Information supplied:

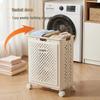 Foldable Laundry Hamper with Wheels, Large Capacity Dirty Clothes Basket for Bathroom Storage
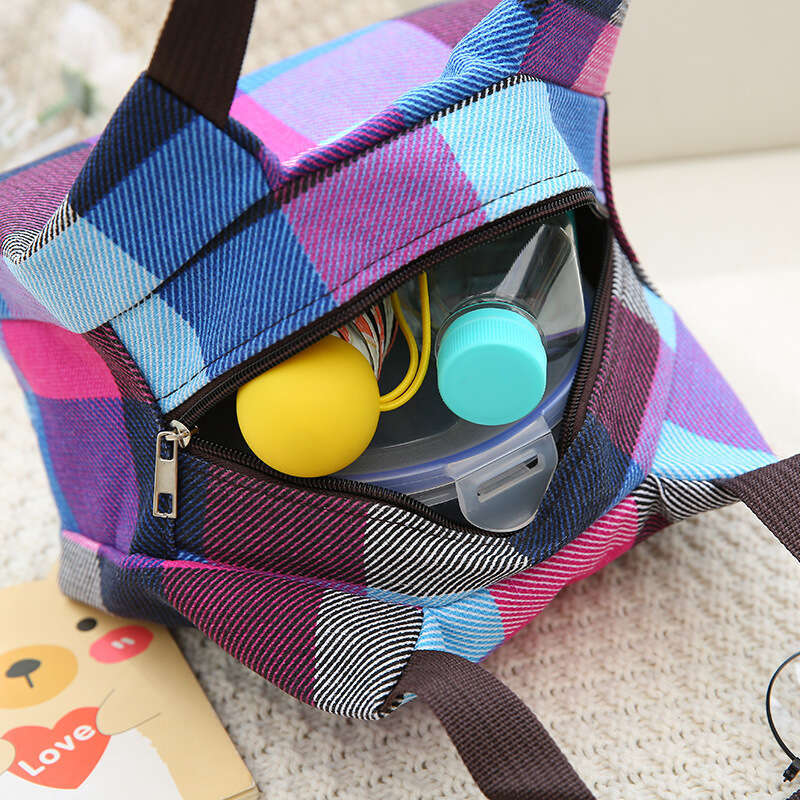 Canvas bento thickened waterproof handle mesh cloth hand-held small lunch box casual bag, women's bag
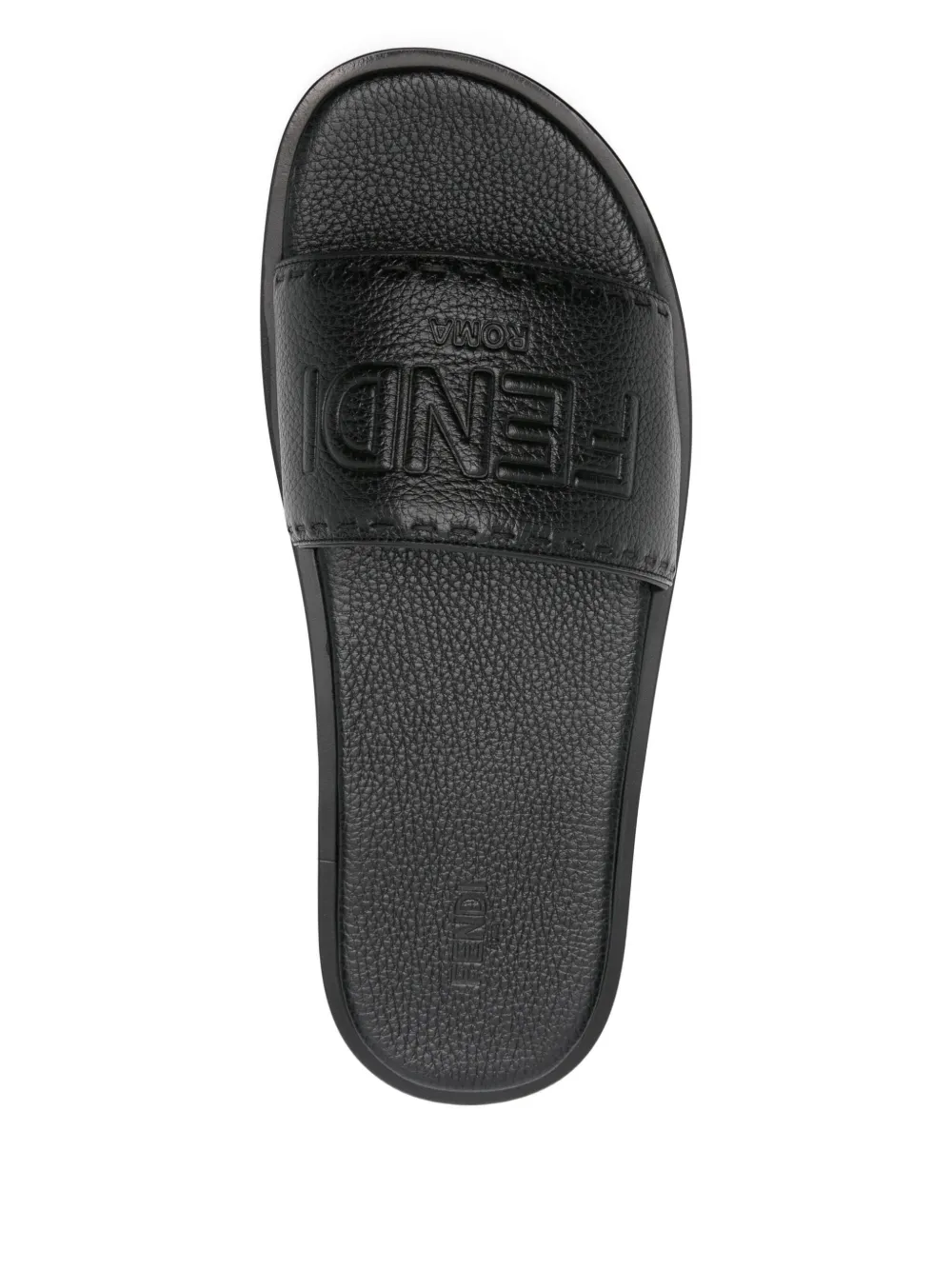 FENDI Roma embossed-logo leather sandals Black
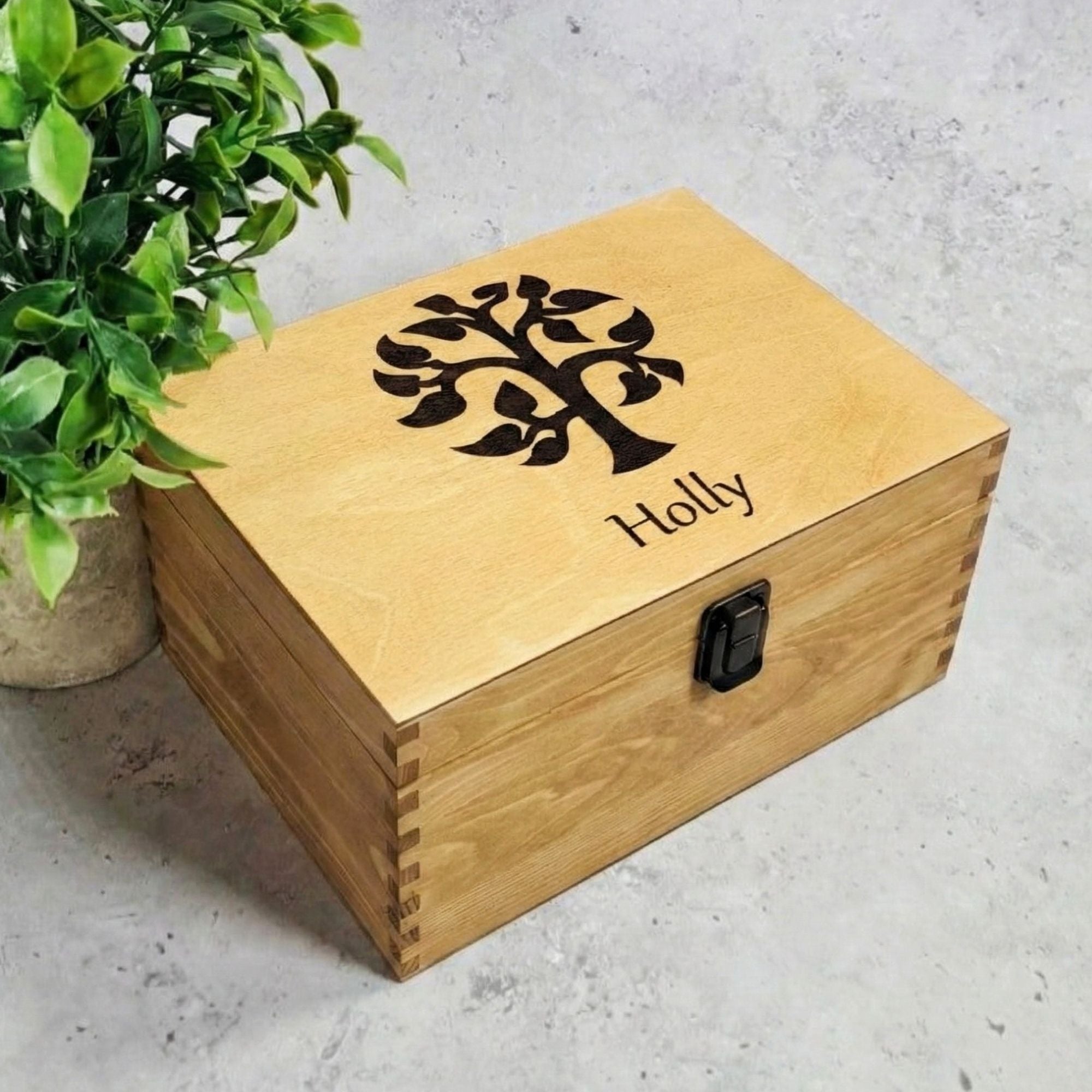 Engraved Tree Wooden Memory Storage Box I Large Family Tree Box 42cm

Task: Retype the data above in full, exactly as it stands, and skip any image.

Task response:
 Foldable Laundry Hamper with Wheels, Large Capacity Dirty Clothes Basket for Bathroom Storage
 Canvas bento thickened waterproof handle mesh cloth hand-held small lunch box casual bag, women's bag
 FENDI Roma embossed-logo leather sandals Black
 Engraved Tree Wooden Memory Storage Box I Large Family Tree Box 42cm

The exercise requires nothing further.